# APR BHP / Torque



## kmpowell (May 6, 2002)

Ok, im a bit confused now ???

I have been putting off the idea of getting a 1.8T, becasue the torque is shite compared to the PD.

However, i was going to get it chipped, looked around and then i came across APR, who claim an output of a chipped 1.8T is getting near the output of a chiiped PD???

MRK 4 1.8T

MRK 4 PD

How can they manage that and is it a reliable figure?

How can you tell if you have a VVT engine to get the more BHP from teh program?


----------



## coupe-sport (May 7, 2002)

Kev - the diesels are quite safe conversions as its only the fueling and timing of the fueling point that is modified - boost pressure if raised at all, is only raised slightly.

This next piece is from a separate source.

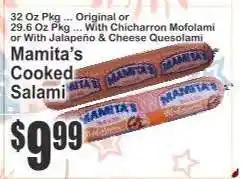 Key Food Mamita's Cooked Salami offer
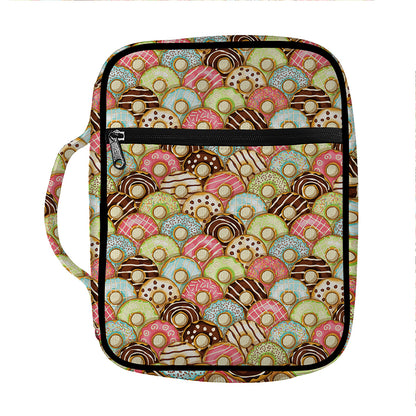 Donuts Pattern Print Front Pocket Bible Bag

I'd test drive a 150 diesel vrs 150 petrol if i was you. I had a 150 petrol for 2 weeks and it was crap - smooth yes but no urge compared to the PD. Then compare 33mpg to 52 mpg, torque etc etc...


----------



## kmpowell (May 6, 2002)

James, i think a 150 is going to be out of my price range  , i want maximum power and torque, so with 10k max to spend im prob going to be looking at the following...

150 1.8T
or
110 1.9PD
or
130 1.9PD (at a very remote push)

Looking at all the chips available and what bhp/torque i can get for each, what would you get?


----------



## coupe-sport (May 7, 2002)

well if its not a 130Tdi then i'd go for the 1.8T and visit APR...


----------



## coupe-sport (May 7, 2002)

... oh and stop off at milltek on the way


----------



## kmpowell (May 6, 2002)

Cheers James, i think the 1.8T is going to be my option. 

Next Question....

How can you spot if i am buying a newer VVT engine to get the more BHP from the program? Are there dates or paperwork to show this on the documentation?

Cheers


----------



## coupe-sport (May 7, 2002)

i'm not sure Kev - early 1.8T's were normal throttle and i'm wondering if VVT was introduced when they went over to the drive by wire throttle ? ... whenever that was ???

rgds


----------



## pette (May 7, 2002)

I had a '97 A3 1.8T which didn't have drive by wire throttle but was VVT, if that's any help?
To be honest I thought all the 150 Bhp 1.8T motors were...


----------



## pette (May 7, 2002)

Jeez,

Just looked at those diesel graphs. I can't belive they achive that by fueling mods alone. The boost must be increased...


----------



## coupe-sport (May 7, 2002)

i'm pretty sure it isn't - mosty oil burning tuning takes advantage of the fact that the fuel map isnt optimised for power but smoke and emissions - by changing the timing slightly the power goes up, NoX emissions increase slightly...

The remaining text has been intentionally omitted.